About this exercise:
Would you write out the listing verbatim and skip every picture in it?

* * * * * * *

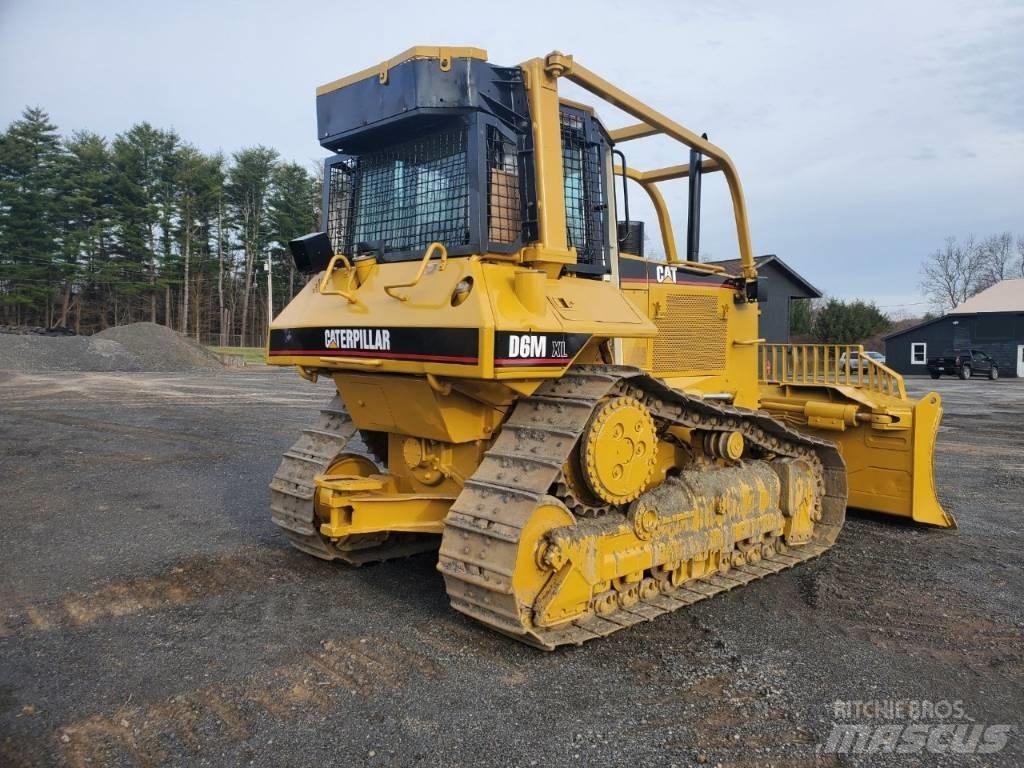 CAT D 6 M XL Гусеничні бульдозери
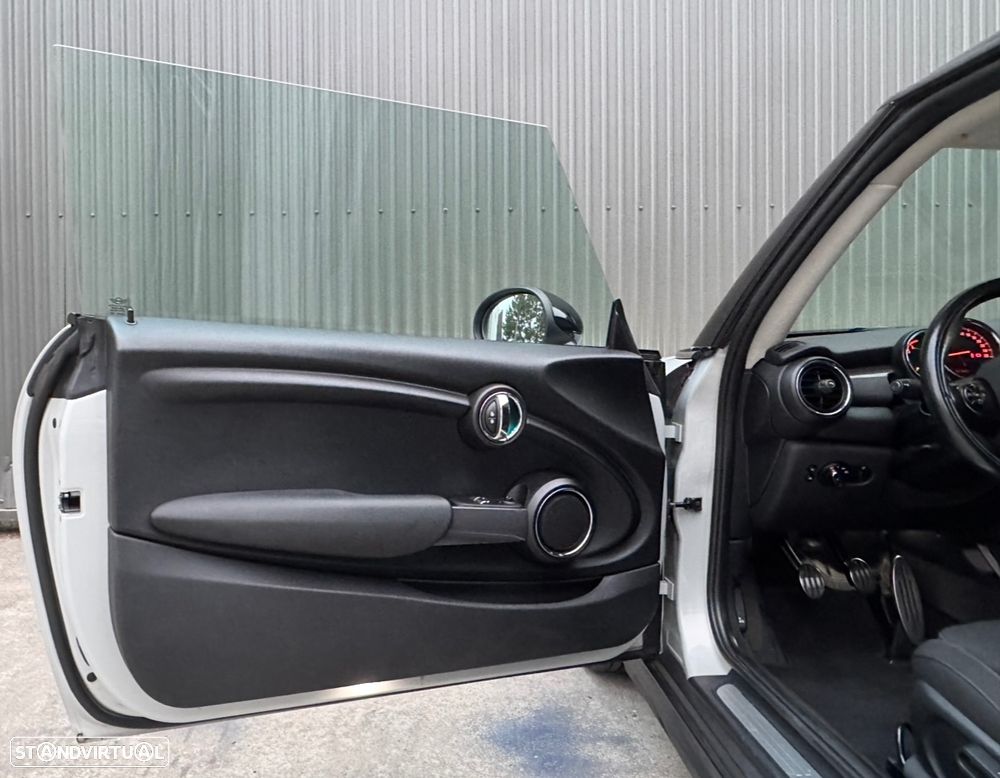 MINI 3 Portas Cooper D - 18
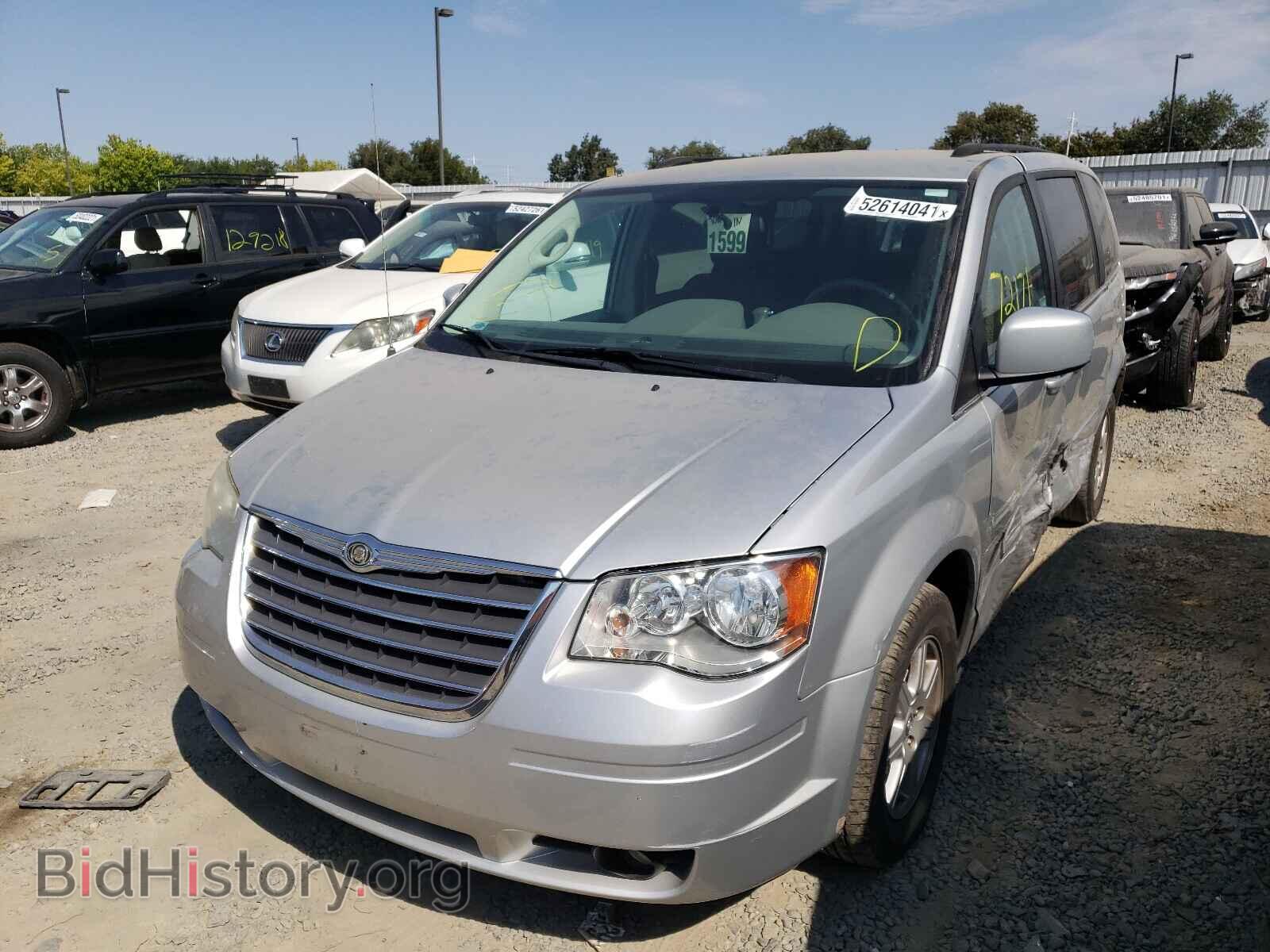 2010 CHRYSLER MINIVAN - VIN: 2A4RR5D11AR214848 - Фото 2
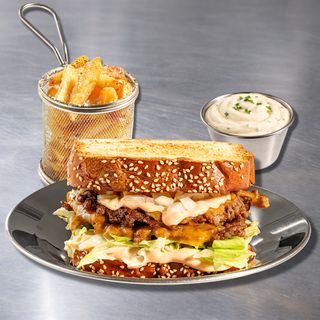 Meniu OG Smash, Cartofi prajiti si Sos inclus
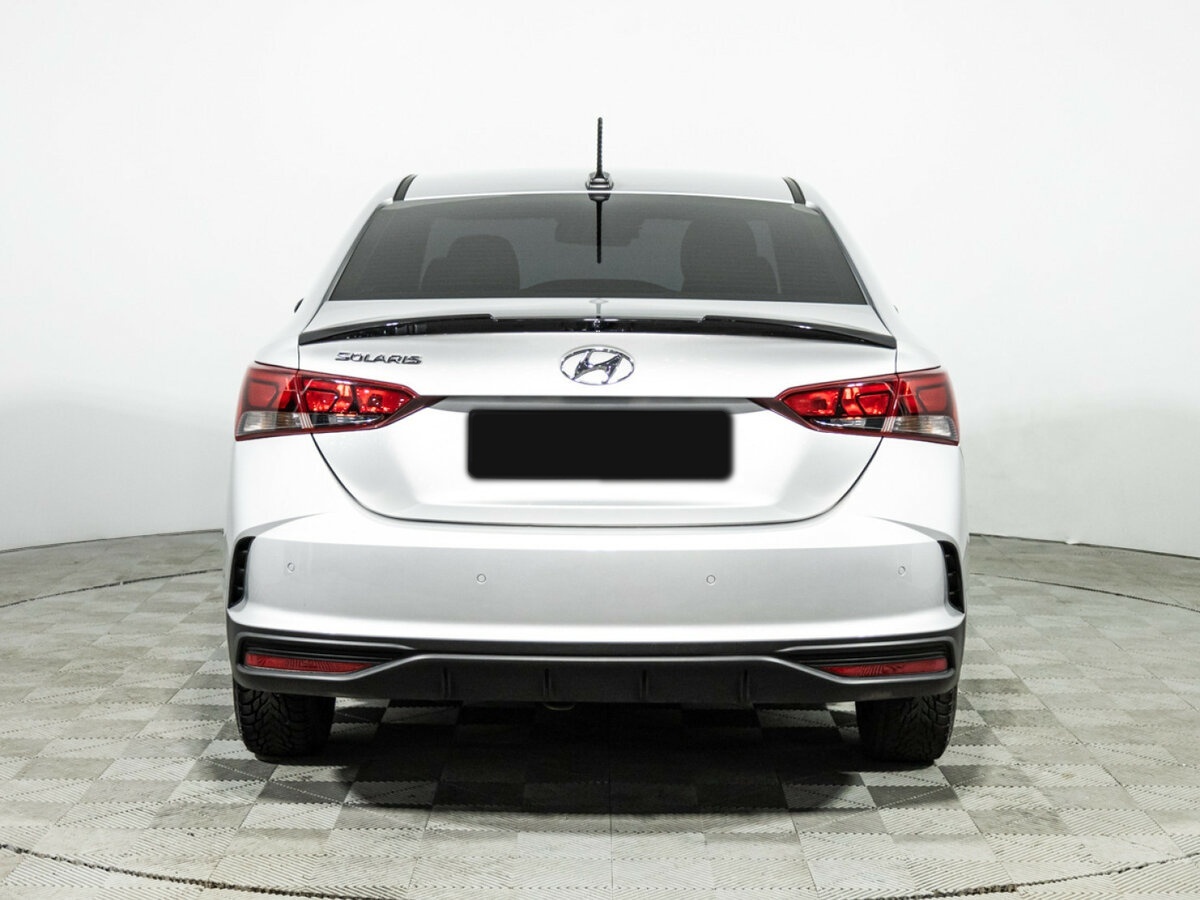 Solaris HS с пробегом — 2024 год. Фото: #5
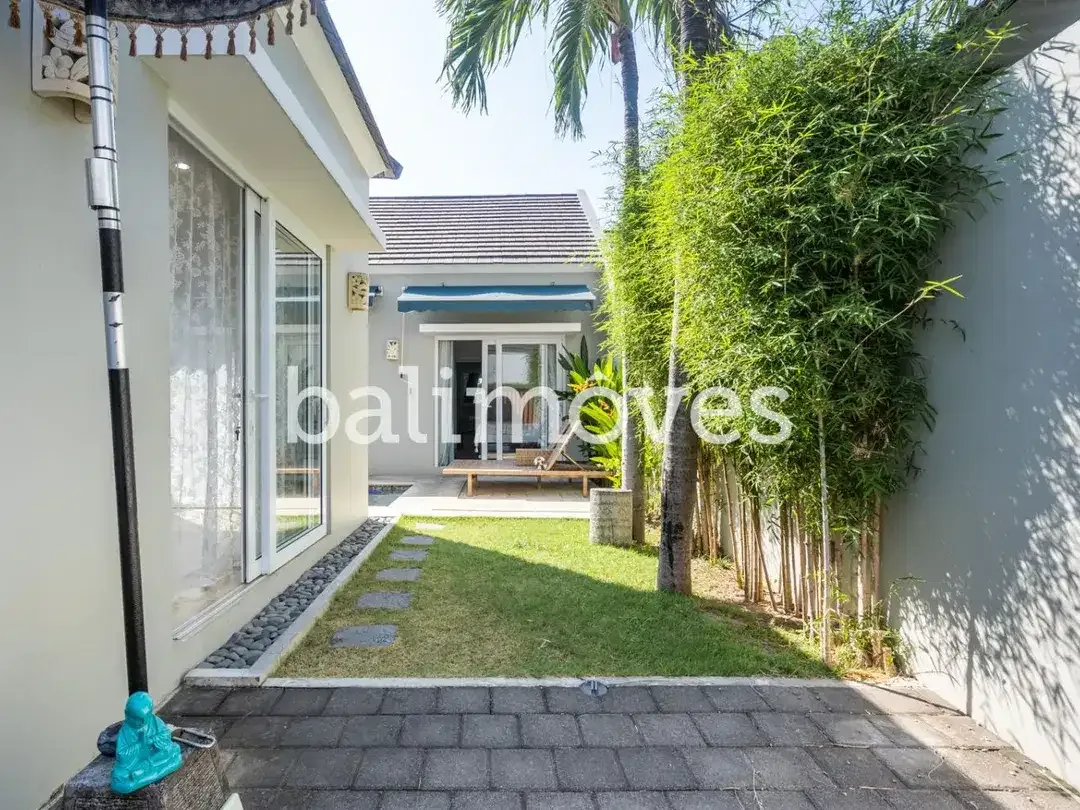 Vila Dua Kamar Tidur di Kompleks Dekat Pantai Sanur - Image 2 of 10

* * * * * * *

Response to the exercise:
 CAT D 6 M XL Гусеничні бульдозери
 MINI 3 Portas Cooper D - 18
 2010 CHRYSLER MINIVAN - VIN: 2A4RR5D11AR214848 - Фото 2
 Meniu OG Smash, Cartofi prajiti si Sos inclus
 Solaris HS с пробегом — 2024 год. Фото: #5
 Vila Dua Kamar Tidur di Kompleks Dekat Pantai Sanur - Image 2 of 10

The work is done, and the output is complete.